IF this is true today, I don’t see any problem with this model:

- XML metadata readable by the import script of other (in case db-based) programs > “tree” and several link architectures can be completely rebuilt

- XML/rtf/html content data readable by other programs, ditto for pics and “external” documents (in fact, this system would then probably not make any difference between internal and external documents, or perhaps (but not necessarily so) for document titling: “internal” content = a “thought” ‘s note field = external file in hidden folder and titled with string assigned by XML (similar to LR above), and “real” external files in regular folders and with their original titles

> NO scrambling (encryption) of your data while it’s on your own system = XML/rtf/html readable by ANY editor, so as long there is always all the (un-encrypted) data on your pc (, too), no problem.

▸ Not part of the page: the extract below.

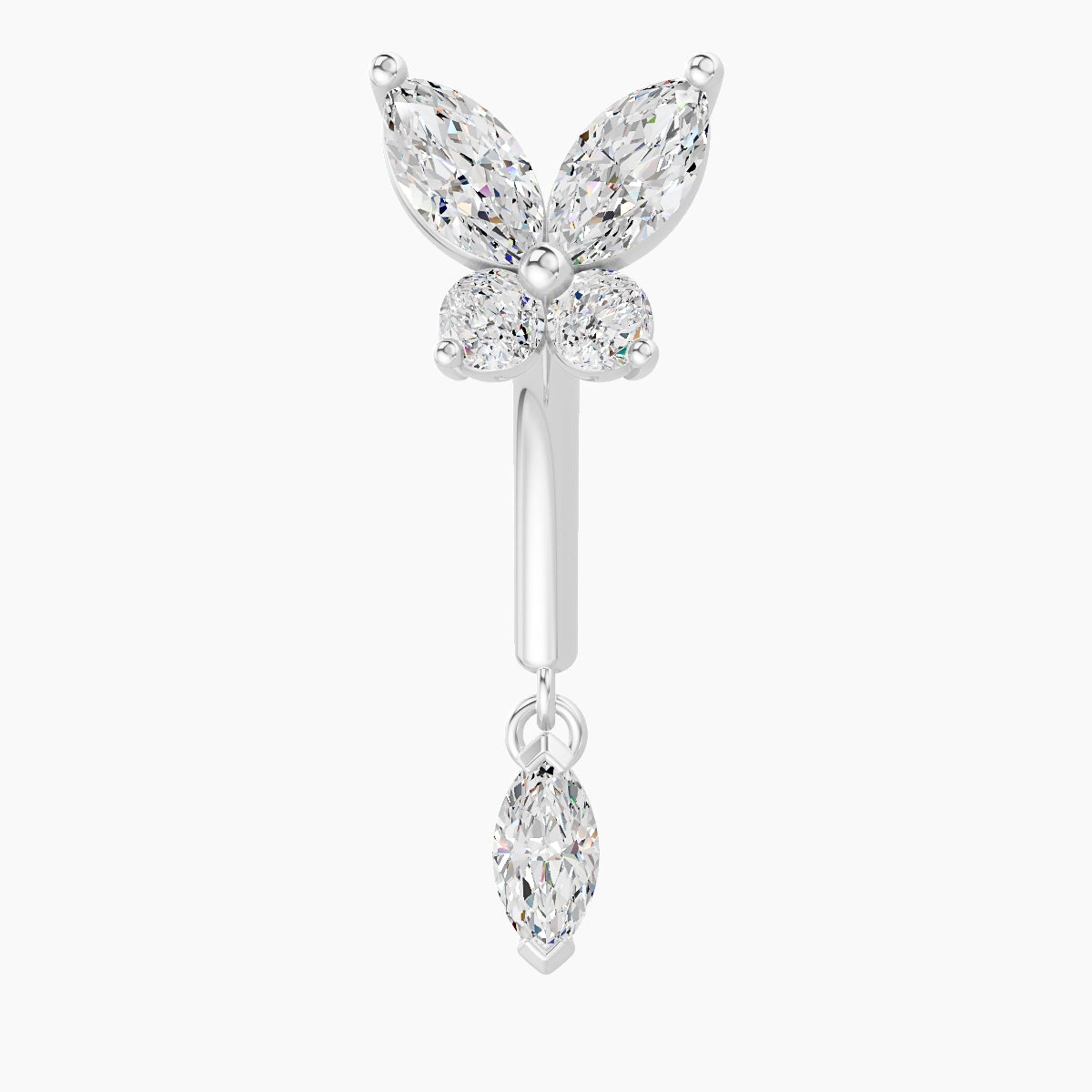 Levana | 18k White Gold 8 mm Butterfly Diamond Rook Piercing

IF that is the current state of affaires with TB.


As for data leaks, there is traditional industrial espionage, too, of course; just today:
https://www.focus.de/regional/koeln/koeln-china-spitzel-enttarnt-e-mails-an-herrn-u-irrer-spionage-krimi-mitten-koeln_id_9917256.html

where two Germans with Chinese origins spied for the Chinese, in Lanxess corporation, which is the new denomination of the traditional (and universally known) Bayer Chemical and Polymerics plants.


Considering the fact that “fully-functional” mobile devices have been slimmed down to around 1 kg (Windows 10 i7, Apple ditto), that mobile storage contains 2 tb (and more now) without problems, I don’t really see the alleged necessity for TB-or-other-third-parties-rented web space, with the risk of data leaks from there, for most use cases; I see the necessity/utility, for a traveling salesman in the industrial sector, to the “plant” db (the plants probably being in China, nowadays, while the mainframe is somewhere in the U.S., but access to it would come handy indeed), but for most use cases, almost anything could be duplicated on mobile, fully-functional devices, with sync to the office pc once (or maybe even several times) a day.

Then there is collaboration, not bound to the same premises anymore: I see these use cases, but I doubt people, once the will have gone back from iPads and the like to (now really) mobile “full” pc’s/macs, will really need or profit from web storage, except for select, very minor datasets, and Towne didn’t need such a thing as “collaborative screenwriting software” for “Chinatown”, whilst for that incredibly unbearable German TV crap for the masses, today’s writers probably are asked to use such software: they then get a pittance each, Town got paid decently.

And Bayer-Lanxess probably didn’t only made at least two very gross mistakes in the HR department, but also in their information management, and probably continue to do so.